- **PROBLEM**: With all images omitted, write out the records word for word.

- **MATERIAL PROVIDED**:
• • • • •

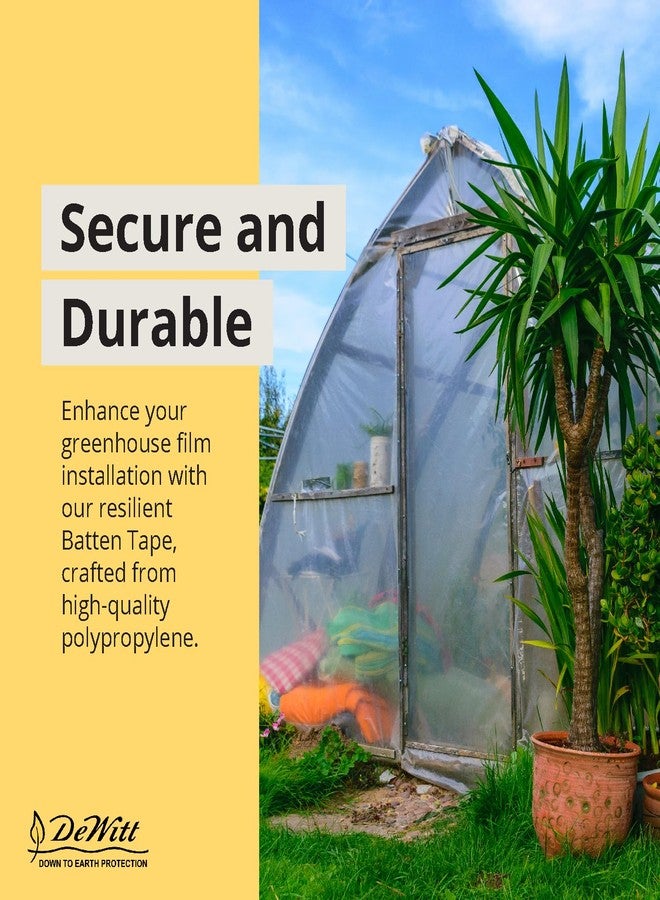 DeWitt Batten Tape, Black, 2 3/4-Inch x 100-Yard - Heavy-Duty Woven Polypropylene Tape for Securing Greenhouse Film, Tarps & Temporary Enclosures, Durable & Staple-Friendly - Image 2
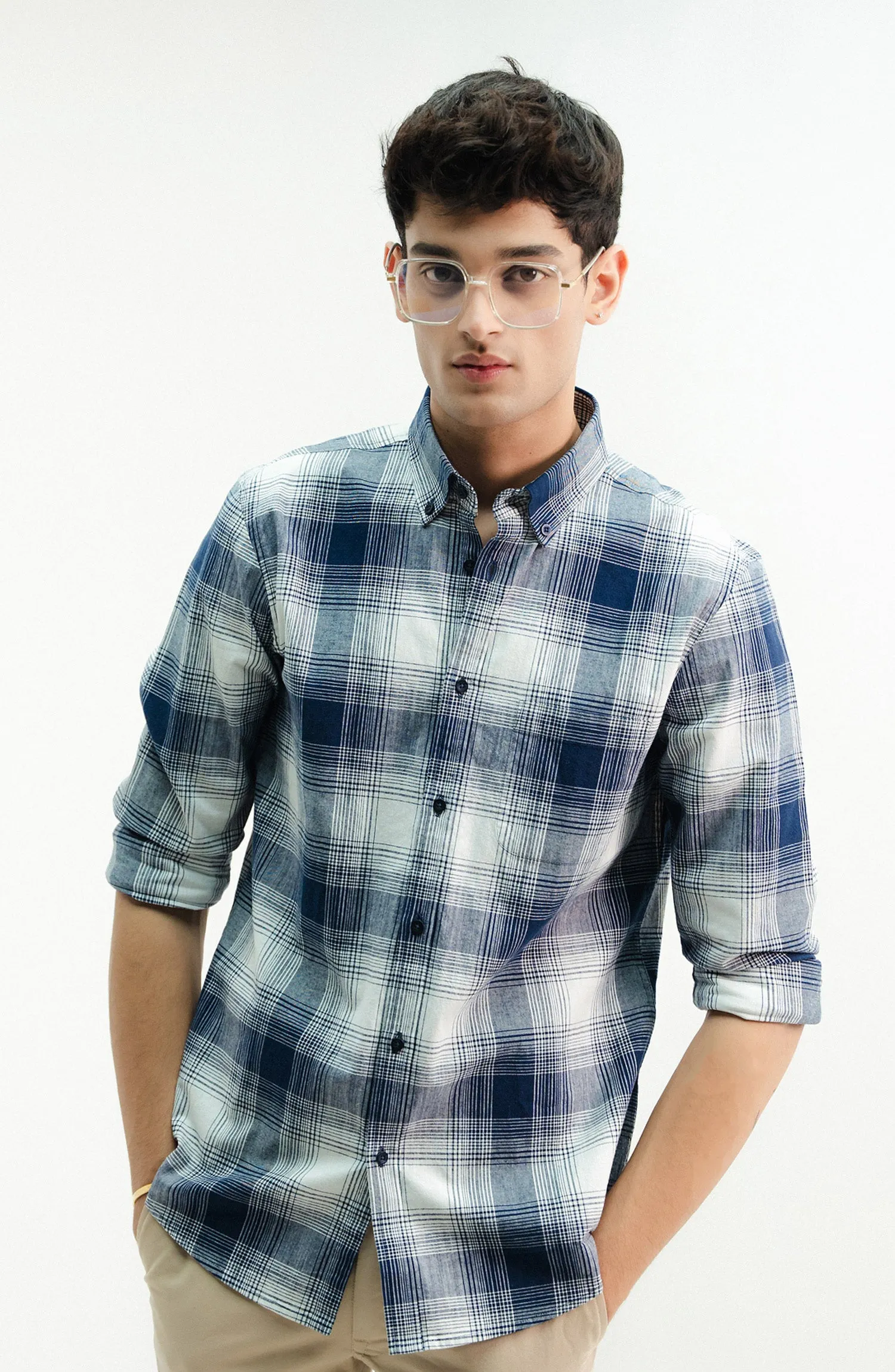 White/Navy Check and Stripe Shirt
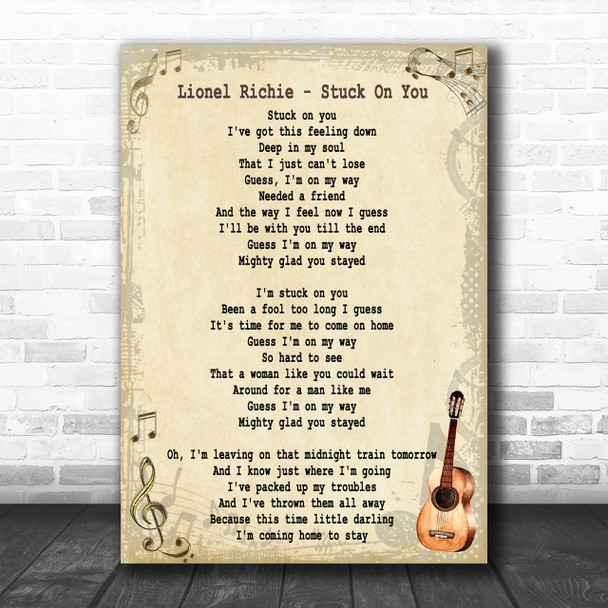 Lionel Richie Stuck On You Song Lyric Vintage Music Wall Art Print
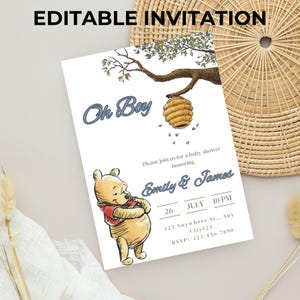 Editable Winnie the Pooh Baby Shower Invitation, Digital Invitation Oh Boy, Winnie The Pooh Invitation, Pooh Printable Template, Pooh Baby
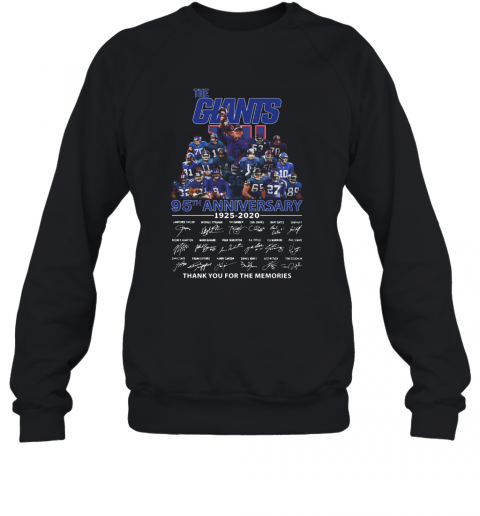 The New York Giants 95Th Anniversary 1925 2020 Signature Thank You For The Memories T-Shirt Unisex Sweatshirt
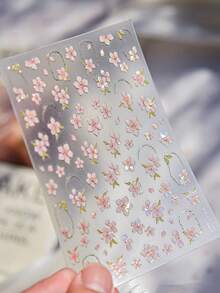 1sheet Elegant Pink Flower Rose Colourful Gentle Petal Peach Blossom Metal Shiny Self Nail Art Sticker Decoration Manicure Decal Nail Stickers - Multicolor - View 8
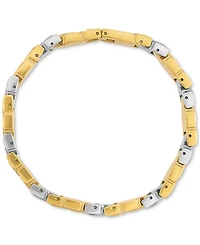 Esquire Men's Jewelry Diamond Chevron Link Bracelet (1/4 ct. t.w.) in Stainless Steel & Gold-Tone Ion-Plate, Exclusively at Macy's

• • • • •

- **TASK RESPONSE**:
 DeWitt Batten Tape, Black, 2 3/4-Inch x 100-Yard - Heavy-Duty Woven Polypropylene Tape for Securing Greenhouse Film, Tarps & Temporary Enclosures, Durable & Staple-Friendly - Image 2
 White/Navy Check and Stripe Shirt
 Lionel Richie Stuck On You Song Lyric Vintage Music Wall Art Print
 Editable Winnie the Pooh Baby Shower Invitation, Digital Invitation Oh Boy, Winnie The Pooh Invitation, Pooh Printable Template, Pooh Baby
 The New York Giants 95Th Anniversary 1925 2020 Signature Thank You For The Memories T-Shirt Unisex Sweatshirt
 1sheet Elegant Pink Flower Rose Colourful Gentle Petal Peach Blossom Metal Shiny Self Nail Art Sticker Decoration Manicure Decal Nail Stickers - Multicolor - View 8
 Esquire Men's Jewelry Diamond Chevron Link Bracelet (1/4 ct. t.w.) in Stainless Steel & Gold-Tone Ion-Plate, Exclusively at Macy's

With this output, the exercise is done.